Paradise: Love deals with sex tourism in Kenya. The trilogy also includes Paradise: Faith and Paradise: Hope, respectively dealing with a Catholic missionary and a diet camp. For this picture, Seidl’s “paradise” is barren; his view is of a culture of necessary exploitation.
Margarethe Tiesel is Teresa, a 50-year-old woman in need of an escape. She leaves her daughter with her sister and heads off to Kenya for a vacation. She is eventually swept up in the idea of being a “Sugar Mama,” a sex tourist with a thirst for the “Beach Boys” lingering outside the roped-off range of her resort.
Thanks to the encouragement of a friend (Inge Maux), Teresa moves from one African man to the next. Munga (Peter Kuzungu) seems to be authentically in love with her, but the real story is more “complicated.” Teresa longs for someone to look her in the eyes, but the search is nearly impossible in a land where money is all that matters.
Paradise: Love is powerful because it focuses on a group of well-heeled women who are in love with the idea of being loved. They’ve come to a place where they believe they have control. They yearn to feel special and to feel young again, but the harsh realities of the Sugar Mama society sink in and the inevitable crush of disappointment takes its toll.
The Africa of Paradise: Love rings with the catchphrase “hakuna matata,” but this is no sanitized Lion King dance. This is a continent long victimized and it has become a den of exploitation in its own right. The Beach Boys have learned how to operate and how to turn tourists yearning for “the wild side” into opportunities.
This is a picture about being used.
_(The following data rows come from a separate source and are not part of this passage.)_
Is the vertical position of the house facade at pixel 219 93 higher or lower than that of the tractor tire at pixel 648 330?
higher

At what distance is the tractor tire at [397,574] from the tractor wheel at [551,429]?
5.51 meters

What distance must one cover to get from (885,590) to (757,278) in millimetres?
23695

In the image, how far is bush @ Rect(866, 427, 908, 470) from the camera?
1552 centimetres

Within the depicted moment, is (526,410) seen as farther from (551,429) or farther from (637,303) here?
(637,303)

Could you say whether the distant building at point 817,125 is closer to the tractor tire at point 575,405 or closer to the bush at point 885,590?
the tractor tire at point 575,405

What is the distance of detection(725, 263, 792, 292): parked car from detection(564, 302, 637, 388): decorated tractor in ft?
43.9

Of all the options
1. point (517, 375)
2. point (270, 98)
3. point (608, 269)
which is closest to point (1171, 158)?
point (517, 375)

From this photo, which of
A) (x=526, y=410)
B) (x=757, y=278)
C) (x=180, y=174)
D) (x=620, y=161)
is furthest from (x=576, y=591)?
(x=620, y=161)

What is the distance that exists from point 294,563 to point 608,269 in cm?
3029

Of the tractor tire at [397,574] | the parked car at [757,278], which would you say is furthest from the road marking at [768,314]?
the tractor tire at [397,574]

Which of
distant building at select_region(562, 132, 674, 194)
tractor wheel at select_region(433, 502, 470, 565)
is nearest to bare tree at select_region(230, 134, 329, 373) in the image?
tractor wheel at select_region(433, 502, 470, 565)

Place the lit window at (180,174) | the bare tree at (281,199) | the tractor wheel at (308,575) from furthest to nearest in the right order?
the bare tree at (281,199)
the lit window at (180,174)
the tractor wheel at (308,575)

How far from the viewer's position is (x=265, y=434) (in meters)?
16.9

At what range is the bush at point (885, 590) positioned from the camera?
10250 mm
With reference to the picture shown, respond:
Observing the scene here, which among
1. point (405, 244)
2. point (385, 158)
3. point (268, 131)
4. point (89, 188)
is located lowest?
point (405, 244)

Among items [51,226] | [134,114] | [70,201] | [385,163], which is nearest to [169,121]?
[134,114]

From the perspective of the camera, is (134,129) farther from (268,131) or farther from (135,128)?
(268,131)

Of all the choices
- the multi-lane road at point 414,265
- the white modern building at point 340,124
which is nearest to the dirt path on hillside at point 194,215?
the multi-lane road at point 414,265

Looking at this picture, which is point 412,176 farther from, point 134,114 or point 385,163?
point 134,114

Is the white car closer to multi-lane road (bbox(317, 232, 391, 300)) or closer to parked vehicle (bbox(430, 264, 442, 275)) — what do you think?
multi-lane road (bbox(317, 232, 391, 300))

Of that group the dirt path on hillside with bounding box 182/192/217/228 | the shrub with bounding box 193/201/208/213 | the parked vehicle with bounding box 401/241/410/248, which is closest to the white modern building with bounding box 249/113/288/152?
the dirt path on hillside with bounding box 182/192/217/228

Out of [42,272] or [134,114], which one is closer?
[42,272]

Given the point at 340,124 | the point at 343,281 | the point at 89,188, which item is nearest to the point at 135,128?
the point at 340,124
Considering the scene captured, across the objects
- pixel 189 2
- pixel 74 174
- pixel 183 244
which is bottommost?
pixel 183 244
There’s an acknowledgement and an eventual acceptance of this fact, but that doesn’t stop Teresa from feeling the same dissatisfaction in Kenya that drove her to the locale in the first place. From the perspective of the “Beach Boys,” the acceptance of being used is part of the lifestyle. There is no shame; even wives are in on the operation.
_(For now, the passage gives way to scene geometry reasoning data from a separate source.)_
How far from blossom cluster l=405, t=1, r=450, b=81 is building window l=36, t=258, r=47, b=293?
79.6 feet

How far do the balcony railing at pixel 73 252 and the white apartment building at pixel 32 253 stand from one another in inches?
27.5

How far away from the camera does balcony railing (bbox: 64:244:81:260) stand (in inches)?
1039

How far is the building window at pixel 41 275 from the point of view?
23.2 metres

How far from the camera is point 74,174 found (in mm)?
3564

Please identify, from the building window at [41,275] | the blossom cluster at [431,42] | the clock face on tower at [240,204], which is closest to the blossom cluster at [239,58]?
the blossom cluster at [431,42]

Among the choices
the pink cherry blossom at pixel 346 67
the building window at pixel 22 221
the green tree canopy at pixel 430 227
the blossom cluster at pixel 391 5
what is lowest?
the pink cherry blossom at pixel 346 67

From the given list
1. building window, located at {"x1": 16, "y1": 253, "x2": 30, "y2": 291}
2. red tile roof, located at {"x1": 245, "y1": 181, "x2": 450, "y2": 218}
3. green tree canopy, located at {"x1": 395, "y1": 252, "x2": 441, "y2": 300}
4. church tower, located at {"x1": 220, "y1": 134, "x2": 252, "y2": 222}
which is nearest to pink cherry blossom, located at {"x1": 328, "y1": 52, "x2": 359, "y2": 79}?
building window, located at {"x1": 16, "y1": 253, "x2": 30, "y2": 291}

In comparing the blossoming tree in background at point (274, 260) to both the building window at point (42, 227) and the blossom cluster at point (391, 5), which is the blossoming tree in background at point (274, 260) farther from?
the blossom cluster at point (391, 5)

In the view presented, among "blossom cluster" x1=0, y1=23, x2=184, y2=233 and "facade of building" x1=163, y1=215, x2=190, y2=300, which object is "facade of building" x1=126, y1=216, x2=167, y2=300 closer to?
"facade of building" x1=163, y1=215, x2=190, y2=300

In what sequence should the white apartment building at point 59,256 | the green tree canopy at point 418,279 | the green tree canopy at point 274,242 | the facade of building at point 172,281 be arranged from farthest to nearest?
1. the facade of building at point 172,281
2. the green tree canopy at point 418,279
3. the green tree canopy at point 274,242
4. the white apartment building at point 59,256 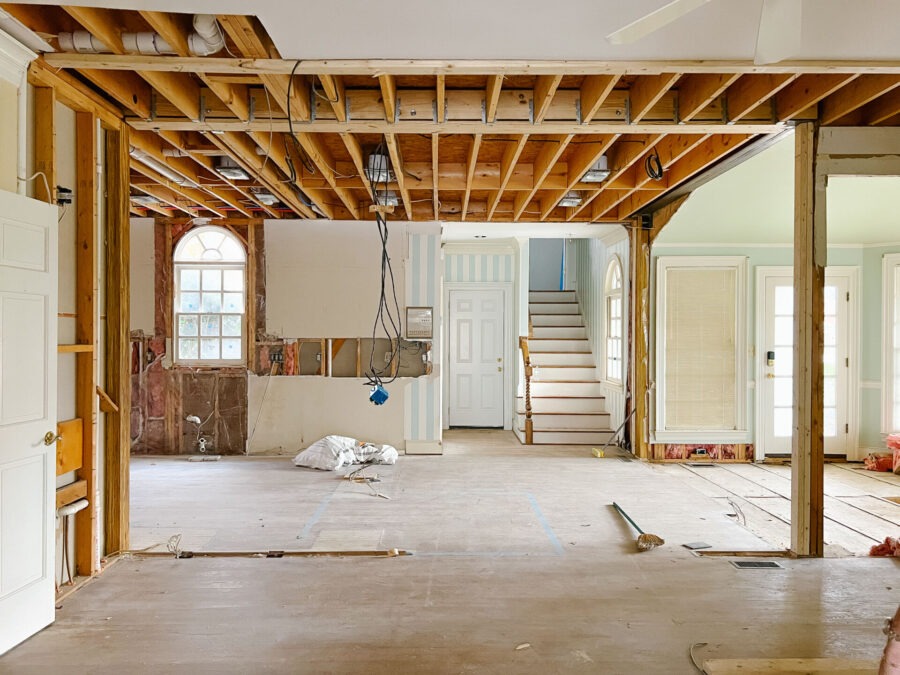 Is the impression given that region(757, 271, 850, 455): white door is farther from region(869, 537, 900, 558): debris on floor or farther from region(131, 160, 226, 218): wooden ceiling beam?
region(131, 160, 226, 218): wooden ceiling beam

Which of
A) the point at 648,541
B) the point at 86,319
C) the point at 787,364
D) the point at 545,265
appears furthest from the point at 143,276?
the point at 787,364

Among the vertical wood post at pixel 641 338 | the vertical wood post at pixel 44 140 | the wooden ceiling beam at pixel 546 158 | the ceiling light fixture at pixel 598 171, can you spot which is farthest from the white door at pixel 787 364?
the vertical wood post at pixel 44 140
Seidl’s steadfast working method is all over Paradise: Love. The filmmaker works from what could be described as a documentary setting and most of the picture is very organic. This is largely because of the lack of traditional script and any structured dialogue. And by using actors and non-actors alike, Seidl preserves authenticity.
Of course, it helps to have such skilled performers as Tiesel inhabiting key roles. Her Teresa is a figure of loneliness. Her struggle for contentment is neatly juxtaposed against her desire to feel loved. An early scene involving her life with developmentally-disabled adults suggests a tone of responsibility, as does an early scene with her daughter. Her desire to escape is apparent.
Paradise: Love is a hopeless motion picture. It reveals a Kenya where money is the only thing that matters. There are few redeemable characters among the “Beach Boys,” even if their actions are understandable, but the white women are far from innocent victims. This is equal opportunity exploitation: everyone gets what they’re after and nobody is truly fulfilled.